Fussball-EM: Die Gatekeeper der Swissness
Ach, Fussball! Da geht draussen vor der Bar das hurrapatriotische Gehupe los, aber für einmal ist das alles nicht so schlimm. Die Schweiz hat gerade den Weltmeister aus dem Turnier geworfen, in einem Riesenspiel mit höllischer Dramaturgie. Aber erst, als Captain Granit Xhaka sich vor der Fernsehkamera genüsslich durch die Haare streicht und den Zeigefinger vor den Mund hält, wird klar, warum sich dieser Moment so gut anfühlt: Es ist, als hätte diese Nationalmannschaft soeben ein Spiel gegen die Schweiz gewonnen. Oder besser: gegen die alte Schweiz, die in der Realität immer weniger existiert, als Idee aber nach Kräften am Leben erhalten wird.
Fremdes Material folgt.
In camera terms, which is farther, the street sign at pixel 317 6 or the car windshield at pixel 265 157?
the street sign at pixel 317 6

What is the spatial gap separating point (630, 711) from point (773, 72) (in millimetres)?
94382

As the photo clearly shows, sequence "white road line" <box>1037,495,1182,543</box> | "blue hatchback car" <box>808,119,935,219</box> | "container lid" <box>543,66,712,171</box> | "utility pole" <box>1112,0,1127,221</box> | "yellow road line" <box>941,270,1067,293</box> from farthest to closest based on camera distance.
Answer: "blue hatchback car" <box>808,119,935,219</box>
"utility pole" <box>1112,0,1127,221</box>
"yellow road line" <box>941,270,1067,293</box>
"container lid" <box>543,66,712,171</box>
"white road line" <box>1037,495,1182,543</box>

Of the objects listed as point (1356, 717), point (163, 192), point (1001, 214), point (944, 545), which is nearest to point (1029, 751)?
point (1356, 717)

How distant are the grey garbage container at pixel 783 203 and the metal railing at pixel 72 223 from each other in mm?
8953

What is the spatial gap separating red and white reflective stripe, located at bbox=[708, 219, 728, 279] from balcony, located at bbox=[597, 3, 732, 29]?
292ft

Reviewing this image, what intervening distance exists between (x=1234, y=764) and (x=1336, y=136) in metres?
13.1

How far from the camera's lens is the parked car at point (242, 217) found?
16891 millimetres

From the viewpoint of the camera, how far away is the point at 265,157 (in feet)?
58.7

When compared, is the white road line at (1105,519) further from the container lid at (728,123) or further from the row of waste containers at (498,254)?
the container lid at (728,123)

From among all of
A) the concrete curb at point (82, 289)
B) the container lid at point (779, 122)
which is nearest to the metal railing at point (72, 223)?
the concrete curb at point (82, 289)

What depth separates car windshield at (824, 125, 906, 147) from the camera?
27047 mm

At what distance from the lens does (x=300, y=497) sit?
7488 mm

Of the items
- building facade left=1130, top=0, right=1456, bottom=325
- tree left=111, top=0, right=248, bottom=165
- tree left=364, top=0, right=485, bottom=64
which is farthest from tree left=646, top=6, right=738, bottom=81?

Diese alte Schweiz hat schon immer den aufrichtigen Blick in den Spiegel gescheut. An viel zu vielen Orten bleibt sie masslos überrepräsentiert – gerade auch in der Fussballberichterstattung. So war etwa im SRF-Studio nach dem Schlusspfiff, in diesem Moment des grössten Erfolgs, eine gewisse Konsternation spürbar: Die Herren dort wussten, dass Xhaka auch sie meinte, als er sagte, mit seinem Team gerade «sehr vielen den Mund gestopft» zu haben. Dieselben Herren, die sich von schlechten Nati-Auftritten schon mal persönlich beleidigt fühlen und die Loyalität der Fussballer latent infrage stellen. Die sich darüber beklagen, dass diese Mannschaft vor und an der EM «unnötige Nebenschauplätze» eröffnet habe – dabei waren sie es, die Nichtigkeiten wie Frisuren und Hymnensingen erst zum Schauplatz erklärt hatten.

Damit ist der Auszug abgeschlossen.